Regarding the Poem “Christmas Pantomime”:
When writing from the imagination, we are all ages at once, and every season is nested, one inside the other. As I composed “Christmas Pantomime” I was listening to the recording of a broadcast made by the BBC on September 7, 2015 in which YoYo Ma played all of Bach’s cello suites by memory in Albert Hall. Not sure if there was any direct influence, but it was an enjoyable experience under the light of the Super Moon in the wee hours of the morning. Who can sleep with a moon so bright? Might as well be sipping tea and noodling around with a an idea for a poem all in the company of a genius cellist interpreting a genius composer’s exalted yet earthy works! Life is good.

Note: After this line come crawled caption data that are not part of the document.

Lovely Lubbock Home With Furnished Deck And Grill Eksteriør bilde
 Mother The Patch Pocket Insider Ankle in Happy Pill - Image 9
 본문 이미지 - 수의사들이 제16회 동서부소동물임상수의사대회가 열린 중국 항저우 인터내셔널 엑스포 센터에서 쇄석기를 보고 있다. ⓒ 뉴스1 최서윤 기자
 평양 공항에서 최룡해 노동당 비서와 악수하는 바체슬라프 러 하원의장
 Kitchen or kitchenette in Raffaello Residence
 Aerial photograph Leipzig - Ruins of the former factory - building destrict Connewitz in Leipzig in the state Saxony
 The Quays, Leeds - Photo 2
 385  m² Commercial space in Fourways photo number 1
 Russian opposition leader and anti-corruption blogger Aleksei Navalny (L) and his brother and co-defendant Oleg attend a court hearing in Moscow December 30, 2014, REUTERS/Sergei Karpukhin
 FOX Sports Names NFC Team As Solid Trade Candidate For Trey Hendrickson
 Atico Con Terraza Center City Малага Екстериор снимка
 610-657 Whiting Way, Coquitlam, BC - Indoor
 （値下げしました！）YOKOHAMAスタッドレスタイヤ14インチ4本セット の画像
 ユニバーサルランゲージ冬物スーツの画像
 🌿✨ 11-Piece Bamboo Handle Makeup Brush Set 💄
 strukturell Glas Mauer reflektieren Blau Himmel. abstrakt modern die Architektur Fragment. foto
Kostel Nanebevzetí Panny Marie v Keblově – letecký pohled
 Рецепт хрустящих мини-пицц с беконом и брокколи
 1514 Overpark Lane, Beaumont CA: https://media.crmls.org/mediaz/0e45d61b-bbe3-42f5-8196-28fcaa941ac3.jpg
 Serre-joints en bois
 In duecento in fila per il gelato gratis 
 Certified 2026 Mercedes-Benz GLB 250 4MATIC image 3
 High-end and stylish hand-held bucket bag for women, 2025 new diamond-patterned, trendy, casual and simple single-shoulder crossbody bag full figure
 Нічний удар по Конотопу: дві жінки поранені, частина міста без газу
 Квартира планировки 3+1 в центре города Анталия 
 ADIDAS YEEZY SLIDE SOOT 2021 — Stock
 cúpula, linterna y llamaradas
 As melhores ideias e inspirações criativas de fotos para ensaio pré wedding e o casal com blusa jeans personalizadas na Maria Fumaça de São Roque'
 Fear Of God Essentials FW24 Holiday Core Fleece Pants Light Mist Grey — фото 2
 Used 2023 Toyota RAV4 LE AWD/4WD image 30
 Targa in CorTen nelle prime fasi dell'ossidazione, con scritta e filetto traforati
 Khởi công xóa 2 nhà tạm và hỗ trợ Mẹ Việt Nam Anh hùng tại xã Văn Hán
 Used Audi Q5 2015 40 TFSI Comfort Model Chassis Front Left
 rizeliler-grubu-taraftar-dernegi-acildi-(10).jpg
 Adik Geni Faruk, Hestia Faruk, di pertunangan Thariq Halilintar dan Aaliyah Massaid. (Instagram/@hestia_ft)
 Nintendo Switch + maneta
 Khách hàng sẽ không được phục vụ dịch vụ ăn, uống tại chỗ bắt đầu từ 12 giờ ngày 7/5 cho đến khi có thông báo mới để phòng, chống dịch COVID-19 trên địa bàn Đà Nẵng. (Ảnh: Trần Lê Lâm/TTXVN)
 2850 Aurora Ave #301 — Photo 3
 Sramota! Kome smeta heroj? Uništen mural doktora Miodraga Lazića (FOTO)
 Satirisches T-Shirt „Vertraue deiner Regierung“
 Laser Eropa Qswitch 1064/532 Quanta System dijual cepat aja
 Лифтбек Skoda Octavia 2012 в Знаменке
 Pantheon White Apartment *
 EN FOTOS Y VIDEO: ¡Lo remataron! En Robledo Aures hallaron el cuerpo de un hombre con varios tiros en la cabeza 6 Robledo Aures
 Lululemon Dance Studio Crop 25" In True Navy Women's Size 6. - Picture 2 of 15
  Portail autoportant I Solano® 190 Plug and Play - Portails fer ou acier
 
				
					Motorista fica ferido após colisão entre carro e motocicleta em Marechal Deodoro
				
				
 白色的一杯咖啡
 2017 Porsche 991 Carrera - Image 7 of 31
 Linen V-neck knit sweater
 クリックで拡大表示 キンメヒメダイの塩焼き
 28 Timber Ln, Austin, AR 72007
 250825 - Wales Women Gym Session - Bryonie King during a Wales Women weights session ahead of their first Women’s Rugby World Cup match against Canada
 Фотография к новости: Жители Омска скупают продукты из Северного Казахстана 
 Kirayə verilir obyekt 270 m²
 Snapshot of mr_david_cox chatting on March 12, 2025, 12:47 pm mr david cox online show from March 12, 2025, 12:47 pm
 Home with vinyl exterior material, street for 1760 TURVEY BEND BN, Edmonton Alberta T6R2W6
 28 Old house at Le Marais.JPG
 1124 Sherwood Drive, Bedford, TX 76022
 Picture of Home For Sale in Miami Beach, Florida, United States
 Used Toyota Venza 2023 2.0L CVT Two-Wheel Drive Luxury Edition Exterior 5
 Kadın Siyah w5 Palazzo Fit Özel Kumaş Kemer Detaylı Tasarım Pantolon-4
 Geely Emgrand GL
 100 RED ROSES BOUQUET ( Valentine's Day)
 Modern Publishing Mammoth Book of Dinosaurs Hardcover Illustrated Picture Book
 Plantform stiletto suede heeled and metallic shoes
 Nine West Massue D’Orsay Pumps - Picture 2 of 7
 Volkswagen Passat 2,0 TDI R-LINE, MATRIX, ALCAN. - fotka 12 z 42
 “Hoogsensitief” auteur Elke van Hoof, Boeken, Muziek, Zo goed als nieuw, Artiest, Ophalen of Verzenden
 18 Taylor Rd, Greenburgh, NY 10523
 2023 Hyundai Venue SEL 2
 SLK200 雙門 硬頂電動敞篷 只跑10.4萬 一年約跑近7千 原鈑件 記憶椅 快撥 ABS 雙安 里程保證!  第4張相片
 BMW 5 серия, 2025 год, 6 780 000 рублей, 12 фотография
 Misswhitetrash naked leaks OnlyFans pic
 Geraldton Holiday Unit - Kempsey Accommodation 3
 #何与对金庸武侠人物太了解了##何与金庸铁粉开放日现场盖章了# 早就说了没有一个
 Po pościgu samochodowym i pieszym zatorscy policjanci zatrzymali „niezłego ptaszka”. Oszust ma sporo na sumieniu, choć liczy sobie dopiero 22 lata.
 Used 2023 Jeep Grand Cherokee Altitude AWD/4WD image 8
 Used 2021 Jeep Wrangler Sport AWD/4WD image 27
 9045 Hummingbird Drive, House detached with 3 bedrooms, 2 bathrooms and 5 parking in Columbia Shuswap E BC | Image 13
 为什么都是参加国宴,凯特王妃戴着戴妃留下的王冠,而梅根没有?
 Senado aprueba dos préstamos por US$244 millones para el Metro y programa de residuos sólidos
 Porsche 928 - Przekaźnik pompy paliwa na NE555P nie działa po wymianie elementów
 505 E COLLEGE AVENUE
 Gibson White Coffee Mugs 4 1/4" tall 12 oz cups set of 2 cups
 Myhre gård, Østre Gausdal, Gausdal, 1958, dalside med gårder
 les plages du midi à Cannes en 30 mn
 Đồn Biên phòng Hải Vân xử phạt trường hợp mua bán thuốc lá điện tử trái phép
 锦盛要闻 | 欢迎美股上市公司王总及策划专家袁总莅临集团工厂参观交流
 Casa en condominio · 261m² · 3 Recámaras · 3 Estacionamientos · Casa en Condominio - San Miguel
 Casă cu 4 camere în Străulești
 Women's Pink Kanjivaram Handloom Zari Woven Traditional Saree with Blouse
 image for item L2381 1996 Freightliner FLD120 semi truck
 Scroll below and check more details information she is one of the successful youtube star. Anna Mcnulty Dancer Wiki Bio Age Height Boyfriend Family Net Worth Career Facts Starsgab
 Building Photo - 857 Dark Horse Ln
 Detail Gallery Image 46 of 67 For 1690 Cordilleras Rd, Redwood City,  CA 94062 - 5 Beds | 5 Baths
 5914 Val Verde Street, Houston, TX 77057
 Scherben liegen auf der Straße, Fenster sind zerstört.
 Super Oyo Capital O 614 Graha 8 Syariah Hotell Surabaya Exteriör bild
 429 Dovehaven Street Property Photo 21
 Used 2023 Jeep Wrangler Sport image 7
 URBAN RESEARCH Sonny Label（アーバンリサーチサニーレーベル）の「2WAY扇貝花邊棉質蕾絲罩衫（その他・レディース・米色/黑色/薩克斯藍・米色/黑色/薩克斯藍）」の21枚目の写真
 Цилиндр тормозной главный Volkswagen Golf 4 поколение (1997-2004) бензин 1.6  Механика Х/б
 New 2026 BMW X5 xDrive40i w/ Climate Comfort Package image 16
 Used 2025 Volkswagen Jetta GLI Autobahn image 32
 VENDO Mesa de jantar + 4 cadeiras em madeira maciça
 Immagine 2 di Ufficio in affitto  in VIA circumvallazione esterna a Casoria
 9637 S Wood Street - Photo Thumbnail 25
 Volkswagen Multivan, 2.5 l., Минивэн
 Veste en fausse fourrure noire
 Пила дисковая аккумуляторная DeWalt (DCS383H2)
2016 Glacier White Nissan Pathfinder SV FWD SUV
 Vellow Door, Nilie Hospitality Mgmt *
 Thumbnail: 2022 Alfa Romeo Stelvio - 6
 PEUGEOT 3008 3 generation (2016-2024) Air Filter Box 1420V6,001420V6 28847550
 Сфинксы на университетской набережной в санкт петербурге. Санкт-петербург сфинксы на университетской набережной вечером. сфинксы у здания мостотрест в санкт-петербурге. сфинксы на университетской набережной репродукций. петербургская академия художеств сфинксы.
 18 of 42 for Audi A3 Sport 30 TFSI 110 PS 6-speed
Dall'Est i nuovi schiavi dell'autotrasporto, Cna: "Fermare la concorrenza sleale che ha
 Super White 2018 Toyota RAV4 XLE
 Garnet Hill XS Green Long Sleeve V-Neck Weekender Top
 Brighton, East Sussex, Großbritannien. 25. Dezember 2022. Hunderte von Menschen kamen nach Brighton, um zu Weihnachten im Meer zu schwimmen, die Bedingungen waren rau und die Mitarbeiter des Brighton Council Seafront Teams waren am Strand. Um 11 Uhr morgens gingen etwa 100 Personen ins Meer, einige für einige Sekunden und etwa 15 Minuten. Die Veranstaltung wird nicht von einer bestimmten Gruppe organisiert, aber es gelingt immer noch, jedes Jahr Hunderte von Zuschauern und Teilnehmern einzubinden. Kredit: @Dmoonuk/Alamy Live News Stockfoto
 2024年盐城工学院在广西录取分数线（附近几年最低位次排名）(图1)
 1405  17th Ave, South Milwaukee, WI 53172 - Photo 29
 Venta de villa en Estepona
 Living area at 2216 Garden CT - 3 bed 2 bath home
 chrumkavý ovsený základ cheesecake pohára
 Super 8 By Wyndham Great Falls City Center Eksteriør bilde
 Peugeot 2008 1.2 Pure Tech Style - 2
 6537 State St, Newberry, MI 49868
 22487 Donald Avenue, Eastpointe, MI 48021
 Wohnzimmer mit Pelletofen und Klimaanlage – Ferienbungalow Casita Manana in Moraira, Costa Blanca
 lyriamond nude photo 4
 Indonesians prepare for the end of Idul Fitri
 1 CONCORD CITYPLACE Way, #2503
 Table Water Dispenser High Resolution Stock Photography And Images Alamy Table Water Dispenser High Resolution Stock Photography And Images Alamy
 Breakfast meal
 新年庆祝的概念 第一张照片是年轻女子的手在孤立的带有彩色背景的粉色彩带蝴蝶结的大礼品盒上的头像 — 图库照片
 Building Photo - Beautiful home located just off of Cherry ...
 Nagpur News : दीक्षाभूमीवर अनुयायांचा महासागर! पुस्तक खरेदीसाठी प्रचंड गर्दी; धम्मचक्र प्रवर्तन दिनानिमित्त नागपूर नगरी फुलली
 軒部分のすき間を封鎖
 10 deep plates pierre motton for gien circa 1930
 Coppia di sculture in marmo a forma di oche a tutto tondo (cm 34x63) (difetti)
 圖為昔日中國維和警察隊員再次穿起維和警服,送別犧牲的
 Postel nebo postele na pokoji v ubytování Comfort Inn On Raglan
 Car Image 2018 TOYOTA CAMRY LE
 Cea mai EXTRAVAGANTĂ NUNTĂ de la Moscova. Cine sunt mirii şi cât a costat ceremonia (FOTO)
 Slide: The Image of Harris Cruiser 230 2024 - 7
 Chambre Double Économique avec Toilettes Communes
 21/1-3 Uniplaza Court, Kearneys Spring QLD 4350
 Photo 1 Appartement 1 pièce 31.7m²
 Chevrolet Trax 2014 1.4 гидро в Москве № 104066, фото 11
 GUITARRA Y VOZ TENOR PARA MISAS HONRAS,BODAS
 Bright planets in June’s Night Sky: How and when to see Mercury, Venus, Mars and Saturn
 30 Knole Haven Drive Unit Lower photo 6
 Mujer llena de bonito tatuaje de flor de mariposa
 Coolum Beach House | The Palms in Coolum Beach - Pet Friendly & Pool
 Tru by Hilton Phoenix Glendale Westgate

My admiration for the poetry of Richard Wilbur is longstanding and just about unbounded. I don’t rank the poets whose work I love, I just wonder at and cherish them. For me, the fact that I can and do make the same statement about several dozen poets’ work, at least, whose lives spanned centuries of poetic currents in the English language, doesn’t diminish the regard I feel. And what I appreciate about today’s Spotlight book is that it helped me understand the kind of person Wilbur was, and, as it happens, he was just the kind of sane, decent, vastly talented, and very human in his foibles as I imagined him to be.
Robert and Mary Bagg‘s accomplishment in the literary biography, Let Us Watch Richard Wilbur (University of Massachusetts Press, 2017) is remarkable for its sensitivity, range, and timeliness, appearing as it did the same year of Wilbur’s death. It is a rare thing for a biographer (or, in this case, a team of biographers) to have a cooperative subject whose trust, the result of years of collegial friendship and mutual regard, provided access to interviews and documents (including unpublished journals; private correspondence with many people, including some of the giants of twentieth century literature such as Bishop, Lowell, Berryman and Merrill; family archives; and a series of interviews with Wilbur, and with his wife, Charlee (1922 to 2007), to whose memory the biography is dedicated.)
Richard Wilbur (1921 to 2017) published his first in a string of distinguished collections of poetry (as well as essays and translations) in 1947. When poet and critic Louise Bogan reviewed that debut volume, The Beautiful Changes, for The New Yorker Magazine, she concluded, “Let us watch Richard Wilbur. He is composed of valid ingredients.”
Indeed. Wilbur’s accolades are numerous, lofty, and deserved. (Two Pulitzer Prizes, a term as Poet Laureate of the United States, and too many prizes and publications to count for his own poetry and prose, as well as distinguished teaching and incredibly accomplished translations of French writers, especially successfully with Moliere’s plays.) What most impresses me is his formal skill, deep humanity, and sense of order and humor. Such poems as “A Hole in the Floor”, “Love Calls Us to the Things of This World”, “Junk”, “Cottage Street, 1953”, and “Advice to a Prophet”, among many, many others, along with his translation of “Tartuffe” make him a perennial teacher of mine, even though I never met him. His restraint, artistry, extensive learning worn gracefully and lightly, and his sense of humanity make his poems always current favorites with me.
Context for Poem “Elegances”:
The poem today is an homage to Richard Wilbur, a writer whose verse is as elegant and muscular as any I have encountered.